All appliances and modules consisting mainly of electronic components fall under the category of electronic waste appliances. This group comprises the following categories: entertainment electronics, office, information, and communication appliances, and electronic components of appliances.
Owing to the rapid pace of technical developments, the composition of appliances is subject to continual change. Particular attention must be paid to
1. Batteries and accumulators
2. Mercury switches/mercury relays
3. Condensers containing PCBs
4. Photoconductive drums of copying machines coated with selenium arsenate or cadmium sulfide
5. Cathode ray tubes (CRTs)
6. Printed circuit boards
7. Wood treated with paints, varnishes, and preservatives
8. Plastics containing halogenated flame retardants.
Furthermore, appliances also contain valuable constituents such as gold (from connectors), nickel, copper, iron, aluminum, and permanent magnets, which are worth recovering.
The objectives for disposal of electronic waste appliances are (a) stripping of hazardous substances; (b) reduction of pollutant and metal contents in the plastic fraction, thus permitting recycling or incineration in waste incineration plants or cement works; (c) recovery of nonferrous metals; and (d) attainment of commercially recyclable scrap quality.
The requirements for proper disposal of electronic waste appliances are as follows: (a) appliances may be broken up (shredded) only if the components containing particularly hazardous substances have previously been removed and (b) since in disposing of electronic appliances the main emphasis is on the recovery of nonferrous metals, nonstripped appliances must not be shredded together with scrap cars. As a rule, electronic appliances are dismantled manually to achieve effective separation of the components containing hazardous substances.
Typical examples of the disposal of electronic waste appliances include the following steps:
1. Stripping of hazardous components: In an initial step, the components containing particularly hazardous substances are for the most part removed manually.
2. Shredding of appliances and separation of fractions: The stripped appliances are, as a rule, ground in a fine shredder (e.g., rotary cutter). The material resulting from this can be further processed by several methods. Possible processes are air classification, riddle screening, cyclone, turborotor, sink-float, eddy current, or magnetic separation. The separated fractions are handed on to workable lots for further processing or recycling, or to resellers.
4. Handling and processing of stripped components containing particularly hazardous substances: Batteries and accumulators are classified as hazardous wastes even if they are recycled. Mercury is classified as a hazardous waste and can be recovered in special plants.
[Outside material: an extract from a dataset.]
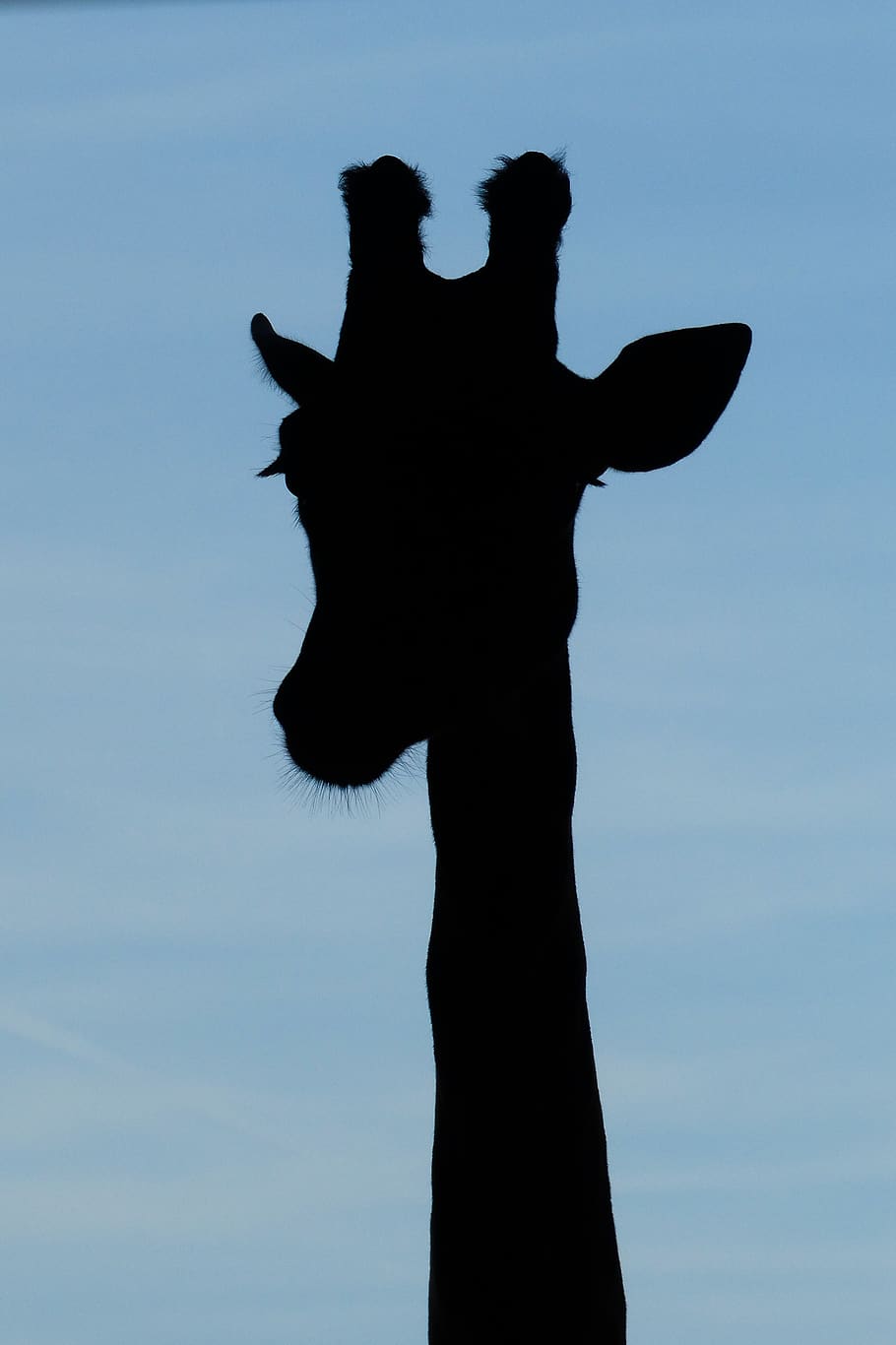 giraffe's head, human, person, mammal, marwell zoo, u.k., winchester HD wallpaper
Condensers containing PCBs must be incinerated in a hazardous waste incineration plant.
5. Separation of ferrous and nonferrous metals, copper, and aluminum for separate recovery: The scrap material and scrap metal dealers sort these metals (in part very finely) and send them to steelworks at home and abroad.
6. Handling and processing of CRTs: CRTs are handled for special processing.
7. Processing of printed circuit boards: Printed circuit boards are subjected to special treatment in order to recover their entire metal content.
8. Recycling of plastic-sheathed cables: Electrical cables are sent to cable recycling plants that separate the plastic and copper components.
9. Disposal of residual fraction: Depending on their quality and on the specific requirements applicable, residual fractions are disposed of in MSW incinerators, hazardous waste incinerators, cement works, or they are recycled.